Oligo insert cloning - (Mar/06/2013 )
I've been trying for months now to insert a 122bp ds oligo into a 8000bp vector but it just doesn't work. I tried vector:insert ratios from 10:1 to 1:5, different ligases/buffers and also changed the time for ligation (2h - over night at RT, 4°C and 16°C). But nothing worked so far. So now I think there might be something wrong with my oligo design.
The setup was as follows:
2 single strand oligos, annealing: 10 nmol each, 5min 99°C, then let cool down to RT (4h). I used annealing buffer (
The oligo contains compatible overhangs for BamHI and Pst1 but as you can see both strands were designed 5' to 3' (manufacturers data sheet) so is that the reason why the ligation cannot take place?
The oligos are not phosphorylated but the cut vector should have PO4 groups from restriction digest. Can I do something to use both oligos at the same time or do I have to design at least one with reverse direction (3' - 5')?

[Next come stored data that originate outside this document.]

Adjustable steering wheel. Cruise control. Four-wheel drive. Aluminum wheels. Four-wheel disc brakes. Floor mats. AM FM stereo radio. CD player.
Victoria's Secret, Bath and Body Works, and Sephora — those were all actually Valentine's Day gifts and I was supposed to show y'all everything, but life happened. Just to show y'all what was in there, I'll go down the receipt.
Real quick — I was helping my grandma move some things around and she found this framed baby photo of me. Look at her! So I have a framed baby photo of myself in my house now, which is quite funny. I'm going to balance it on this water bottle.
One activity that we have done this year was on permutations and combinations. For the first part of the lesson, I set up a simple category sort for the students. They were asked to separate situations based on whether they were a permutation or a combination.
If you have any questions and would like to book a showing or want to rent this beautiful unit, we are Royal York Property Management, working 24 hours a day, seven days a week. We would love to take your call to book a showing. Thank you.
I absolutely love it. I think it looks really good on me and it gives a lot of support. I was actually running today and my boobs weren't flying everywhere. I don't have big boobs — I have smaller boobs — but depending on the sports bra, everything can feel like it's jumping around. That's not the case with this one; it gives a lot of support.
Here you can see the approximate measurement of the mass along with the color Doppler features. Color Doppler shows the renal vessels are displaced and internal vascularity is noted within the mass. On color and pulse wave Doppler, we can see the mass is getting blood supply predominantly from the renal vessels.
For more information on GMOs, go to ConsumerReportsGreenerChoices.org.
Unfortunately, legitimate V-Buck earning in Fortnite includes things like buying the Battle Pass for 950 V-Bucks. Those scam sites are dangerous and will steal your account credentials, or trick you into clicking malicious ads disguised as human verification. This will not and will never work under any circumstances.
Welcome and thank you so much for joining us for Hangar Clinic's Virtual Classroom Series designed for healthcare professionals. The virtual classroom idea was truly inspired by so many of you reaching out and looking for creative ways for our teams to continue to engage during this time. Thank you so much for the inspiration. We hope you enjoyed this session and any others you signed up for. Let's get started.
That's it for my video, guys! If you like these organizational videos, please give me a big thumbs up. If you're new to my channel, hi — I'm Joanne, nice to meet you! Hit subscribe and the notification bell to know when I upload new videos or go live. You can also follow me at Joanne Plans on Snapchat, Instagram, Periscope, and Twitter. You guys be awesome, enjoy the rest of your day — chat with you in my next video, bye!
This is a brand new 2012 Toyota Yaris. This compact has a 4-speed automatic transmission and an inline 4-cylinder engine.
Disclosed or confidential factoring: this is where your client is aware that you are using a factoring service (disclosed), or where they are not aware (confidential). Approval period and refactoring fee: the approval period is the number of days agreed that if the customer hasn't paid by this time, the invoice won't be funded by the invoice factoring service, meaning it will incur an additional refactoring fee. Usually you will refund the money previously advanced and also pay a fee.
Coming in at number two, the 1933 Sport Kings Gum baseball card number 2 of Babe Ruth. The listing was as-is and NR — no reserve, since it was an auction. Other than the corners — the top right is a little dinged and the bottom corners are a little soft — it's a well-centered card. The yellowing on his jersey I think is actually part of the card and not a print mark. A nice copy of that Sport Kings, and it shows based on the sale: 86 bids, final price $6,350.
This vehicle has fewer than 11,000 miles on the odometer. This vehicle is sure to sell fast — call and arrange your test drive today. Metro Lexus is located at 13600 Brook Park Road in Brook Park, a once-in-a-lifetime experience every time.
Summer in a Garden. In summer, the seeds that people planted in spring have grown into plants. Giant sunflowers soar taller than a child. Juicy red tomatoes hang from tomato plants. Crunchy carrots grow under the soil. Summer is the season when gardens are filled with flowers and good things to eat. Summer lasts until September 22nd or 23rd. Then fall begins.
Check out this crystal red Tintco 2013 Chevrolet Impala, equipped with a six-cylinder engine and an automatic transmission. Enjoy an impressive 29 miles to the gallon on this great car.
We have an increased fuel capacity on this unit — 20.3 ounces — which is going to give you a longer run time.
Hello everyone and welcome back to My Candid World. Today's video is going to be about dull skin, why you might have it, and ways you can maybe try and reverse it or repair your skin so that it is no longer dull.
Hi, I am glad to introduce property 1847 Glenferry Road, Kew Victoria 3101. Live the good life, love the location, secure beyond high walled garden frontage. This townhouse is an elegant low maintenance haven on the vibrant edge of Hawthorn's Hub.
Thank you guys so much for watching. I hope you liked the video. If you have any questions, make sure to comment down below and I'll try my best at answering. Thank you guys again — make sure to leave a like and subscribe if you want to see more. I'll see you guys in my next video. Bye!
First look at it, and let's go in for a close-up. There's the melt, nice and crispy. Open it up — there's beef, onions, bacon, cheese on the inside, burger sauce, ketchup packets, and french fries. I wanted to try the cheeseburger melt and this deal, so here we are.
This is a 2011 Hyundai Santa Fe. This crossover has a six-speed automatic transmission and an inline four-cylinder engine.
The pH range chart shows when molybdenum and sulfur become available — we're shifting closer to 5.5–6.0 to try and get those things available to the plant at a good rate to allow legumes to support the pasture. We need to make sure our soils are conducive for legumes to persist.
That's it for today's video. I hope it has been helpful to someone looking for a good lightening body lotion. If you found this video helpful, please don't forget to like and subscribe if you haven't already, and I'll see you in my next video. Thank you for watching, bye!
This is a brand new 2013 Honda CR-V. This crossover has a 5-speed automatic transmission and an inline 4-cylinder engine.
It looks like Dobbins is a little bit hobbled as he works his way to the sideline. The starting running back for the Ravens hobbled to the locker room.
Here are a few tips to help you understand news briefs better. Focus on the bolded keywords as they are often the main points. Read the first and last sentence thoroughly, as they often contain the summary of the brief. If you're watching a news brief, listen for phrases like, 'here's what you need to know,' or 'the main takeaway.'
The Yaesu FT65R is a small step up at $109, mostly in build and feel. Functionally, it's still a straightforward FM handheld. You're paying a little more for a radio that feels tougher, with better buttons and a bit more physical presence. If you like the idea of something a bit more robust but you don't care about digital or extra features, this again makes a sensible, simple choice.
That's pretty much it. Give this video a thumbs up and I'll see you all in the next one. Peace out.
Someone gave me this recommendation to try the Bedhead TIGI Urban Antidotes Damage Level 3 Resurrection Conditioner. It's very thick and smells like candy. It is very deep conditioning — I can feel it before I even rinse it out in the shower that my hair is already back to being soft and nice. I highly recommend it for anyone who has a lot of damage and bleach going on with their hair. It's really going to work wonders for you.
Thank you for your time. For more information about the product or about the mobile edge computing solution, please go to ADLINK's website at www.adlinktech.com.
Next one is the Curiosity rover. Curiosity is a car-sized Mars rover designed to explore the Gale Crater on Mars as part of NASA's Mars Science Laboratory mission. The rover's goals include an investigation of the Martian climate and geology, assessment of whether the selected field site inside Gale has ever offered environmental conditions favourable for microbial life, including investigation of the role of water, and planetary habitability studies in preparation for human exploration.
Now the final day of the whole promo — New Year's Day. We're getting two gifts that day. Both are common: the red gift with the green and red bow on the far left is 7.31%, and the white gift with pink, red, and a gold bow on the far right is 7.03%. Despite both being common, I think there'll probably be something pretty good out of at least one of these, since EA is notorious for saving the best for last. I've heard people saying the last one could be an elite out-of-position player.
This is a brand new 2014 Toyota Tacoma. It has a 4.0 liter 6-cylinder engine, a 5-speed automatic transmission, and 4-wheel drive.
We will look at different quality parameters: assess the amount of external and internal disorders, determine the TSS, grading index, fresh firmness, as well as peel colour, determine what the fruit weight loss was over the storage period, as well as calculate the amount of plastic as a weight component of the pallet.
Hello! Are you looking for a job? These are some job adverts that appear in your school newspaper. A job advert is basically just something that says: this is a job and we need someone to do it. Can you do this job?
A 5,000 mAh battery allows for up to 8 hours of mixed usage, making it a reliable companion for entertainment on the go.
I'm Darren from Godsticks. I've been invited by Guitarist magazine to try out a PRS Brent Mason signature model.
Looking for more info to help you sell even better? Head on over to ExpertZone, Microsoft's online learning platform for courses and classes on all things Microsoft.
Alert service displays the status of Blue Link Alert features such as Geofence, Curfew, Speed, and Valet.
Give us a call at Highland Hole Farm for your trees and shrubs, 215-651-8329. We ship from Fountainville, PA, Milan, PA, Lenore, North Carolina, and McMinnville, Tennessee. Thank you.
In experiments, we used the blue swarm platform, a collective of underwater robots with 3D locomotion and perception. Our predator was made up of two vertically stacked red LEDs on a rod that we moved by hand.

Anyway, is there any method to check whether the annealing has worked or not - how can I distuinguish if I have single strand or double strand oligo after annealing?
Thanks in advance!
You can't have double stranded DNA with paralel strands (like 5' end on one side and 3' and on the other as in your picture). The strands would not anneal the way you draw it.
If you planned to have this cassete, you designed it wrong. Oligos are always synthetised (and put in data sheets) in 5'->3' orientation, so you have to reverse the second strand before ordering it.
You needed to order sequence like this to anneal with your first strand:
OK thanks, that was also my thought about this issue. I'm very new to cloning and not a biologist so retrospectively spoken this was a bad design... I'll order a new one.
But still - anyone ideas about how to check wheter after annealing I have still single or double strand oligos?
Intercalator dyes like SYBR Green I binds double strand much more efficiently than single strand. By running a melting curve you could see the differences in fluorescence. But you would need something to compare with.